For the plotting we will use matplotlib. We will also include in the plot the exact value. As explained in the introduction, this was obtained with a post-Hartree Fock calculation, and its value for the H\(_2\) molecule is \(E_{exact} = -1.174474{}\) a.u.

In particular, we suggest you to produce two plots, one with the full set of points, and the other one excluding the first SCF iteration. This can help you to appreciate the differences between the three basis sets. In the cell code below, we already set both subplots. Edit the code in order to plot the results for the three basis sets.

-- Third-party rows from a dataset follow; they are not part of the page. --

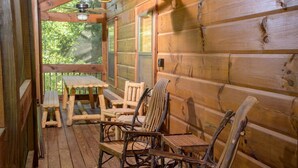 A wooden cabin with a porch featuring a table and chairs, large windows, and a view of greenery. - Hillbilly Hotel, Great Resort, Great Game Room (Sevierville)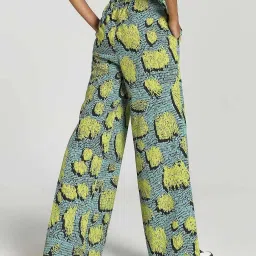 Puma Black & Green Printed Flared Pants image 2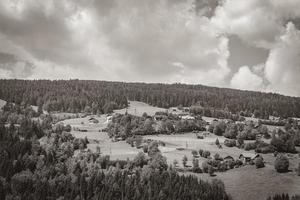 Wonderful wooded mountain alpine panorama with village and huts Austria. photo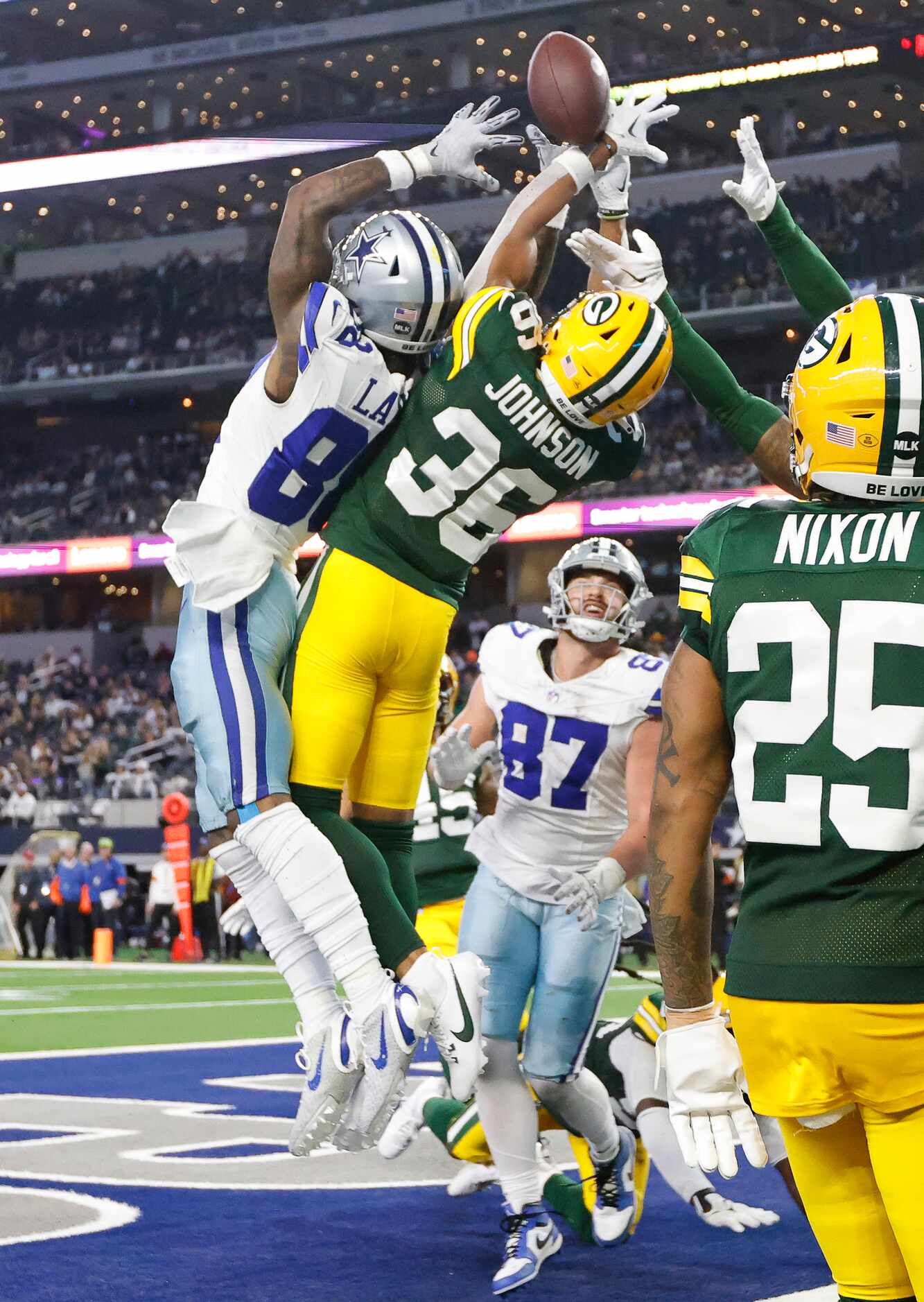 Dallas Cowboys wide receiver CeeDee Lamb (88) and Green Bay Packers safety Anthony Johnson...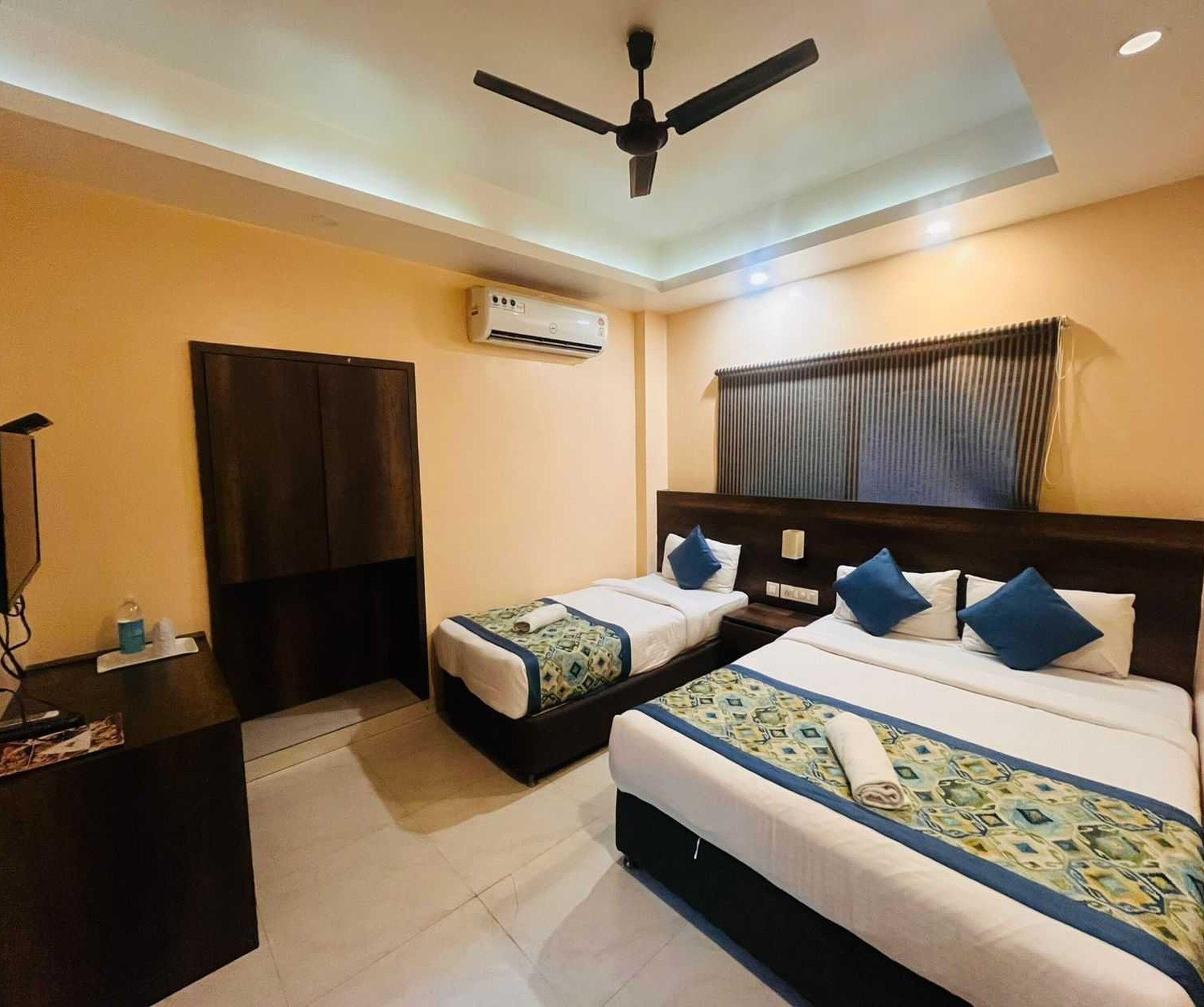 Une chambre d’hôtel avec deux lits, un ventilateur de plafond, un appareil de climatisation, une table de chevet et une fenêtre avec des stores.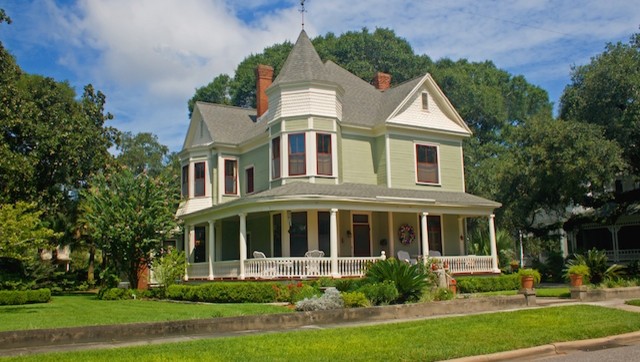 Inspiration for a large victorian multicolored two-story wood gable roof remodel in Boston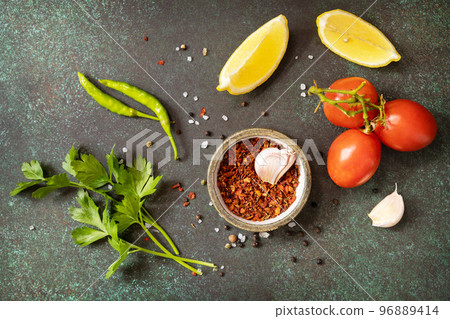 Healthy food vegetarian food background. Various herbs and spices for cooking on dark background. View from above. Healthy food vegetarian food background. Various herbs and spices for cooking on dark background. View from above. 96889414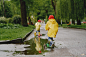 Funny kids in rain boots playing with skates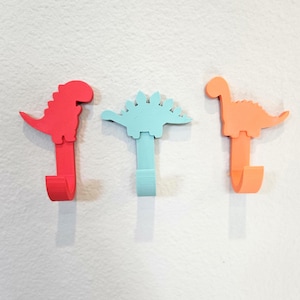 May include: Three colorful dinosaur-shaped wall hooks. The hooks are in red, light blue, and orange. Each hook has a dinosaur silhouette at the top and a curved hook at the bottom. The hooks are mounted on a white wall.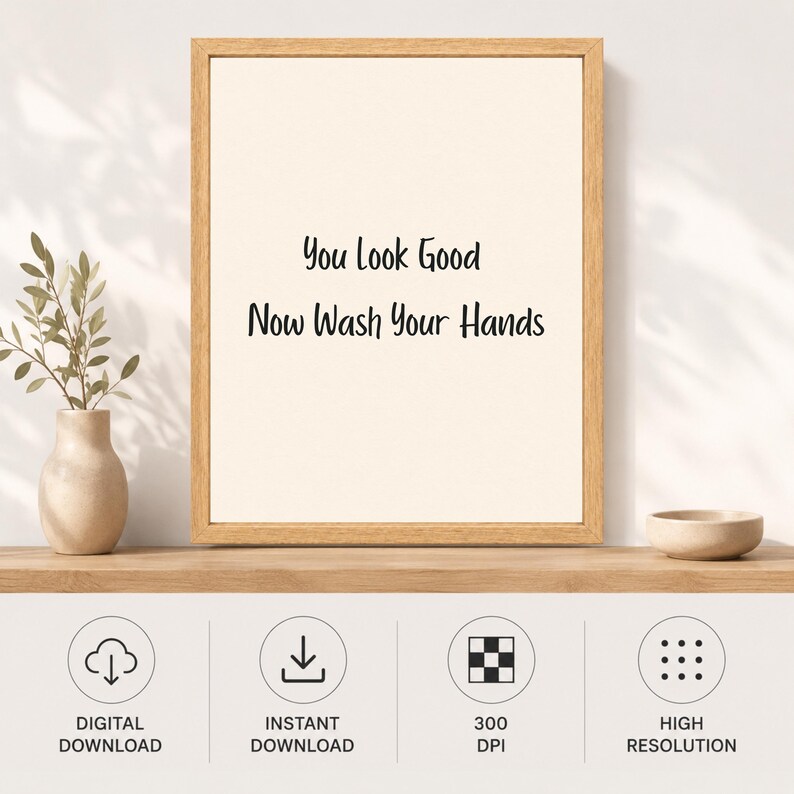 May include: A framed wall art print featuring the black text You Look Good Now Wash Your Hands on a cream background. The frame is made of light-colored wood. Below the frame are four circular icons labeled Digital Download, Instant Download, 300 DPI, and High Resolution.
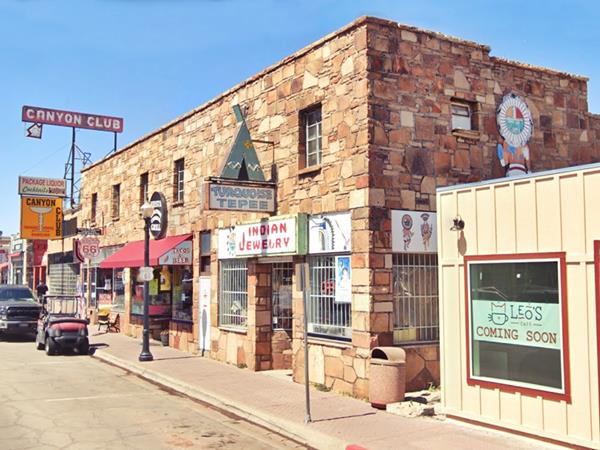 irreglular flagstone building, two stories cars, stores in the building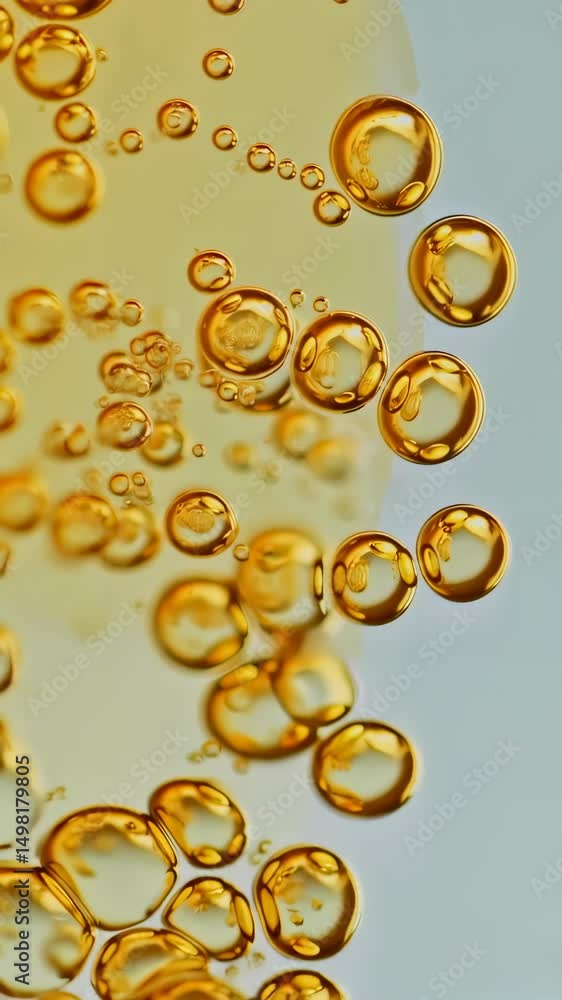 Poster golden bubbles float upwards on soft background. vertical format close view of abstract spheres.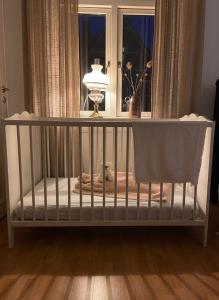 a crib with a stuffed animal in a room with a window at The Photographer's House in Höganäs in Höganäs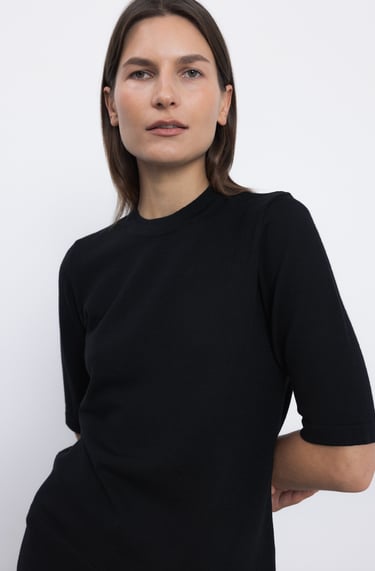 a woman in a black dress with a white background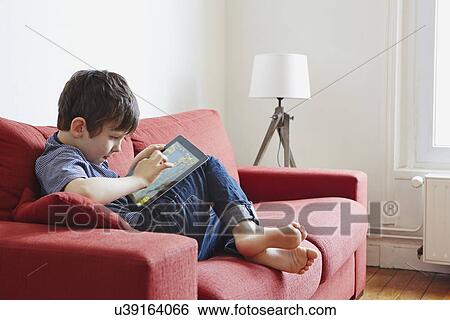 Stock Photograph - Boy using digital tablet. Fotosearch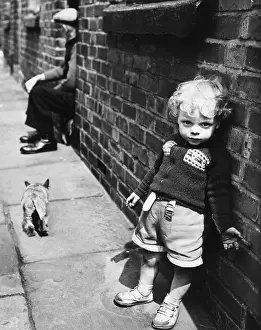 Brickwork: Toddler leaning against wall of house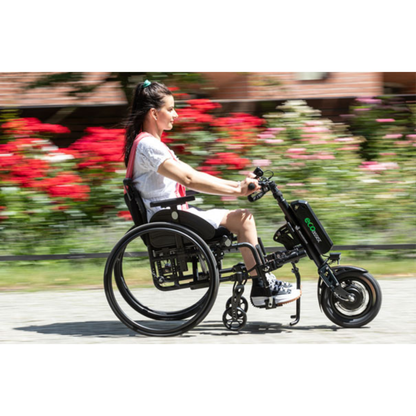 A woman rides outdoors in a manual wheelchair with the Rehasense ECO Assist Power Chair Conversion System, surrounded by blurred red and pink flowers, highlighting the added movement and speed this innovative mobility solution provides.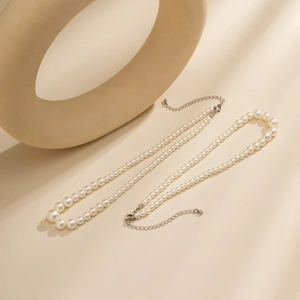 Detailed view of layered faux pearl necklace with silver lobster clasp and extension chain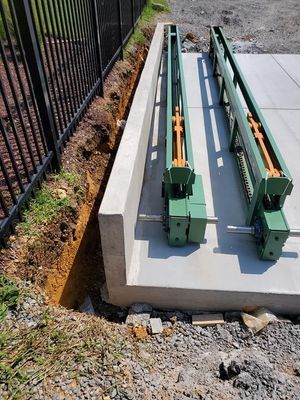 Two green industrial machinery tracks mounted on a concrete slab next to a metal fence and an excavated dirt trench.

# Subplot 1: full data and exact value reference
fig, (ax1, ax2) = plt.subplots(1, 2, figsize=(14,7)) # create figure with two subplots
fig.tight_layout(pad=7.0) # add spacing between supblots 

# we use the table index and the Total Energy column for plotting
# repeat the following command once per basis set to have all on the same plot
ax1.plot(nameOfDataFrame.index, nameOfDataFrame['Total Energy'], '.-', label='label') 

ax1.set_xlabel('SCF Iteration') # set axis labels and title
ax1.set_ylabel('E [a.u]')
ax1.set_title('SCF convergence')

ax1.axhline(-1.174474, label='Exact value', linestyle='--', color='gray') # horizontal line for the exact energy

ax1.legend() # show legend

# Subplot 2: excluding first SCF point to focus on the difference along SCF cycles
# you can exclud the first point of an array just by [1:]. This will select all point from 1 (so excluding 0) to the end
# example: array DATA --> DATA[1:]
# repeat the following command once per basis set to have all on the same plot
ax2.plot(nameOfDataFrame.index[1:], nameOfDataFrame['Total Energy'][1:], '.-', label='label') 

ax2.set_xlabel('SCF Iteration') # set axis labels
ax2.set_ylabel('E [a.u]')
ax2.set_title('SCF convergence - restricted range')

ax2.legend() # show legend
plt.show()

Exercise 3

How does the basis set size influence the SCF convergence behaviour? Include in your report the plot of the energy convergence along SCF iterations.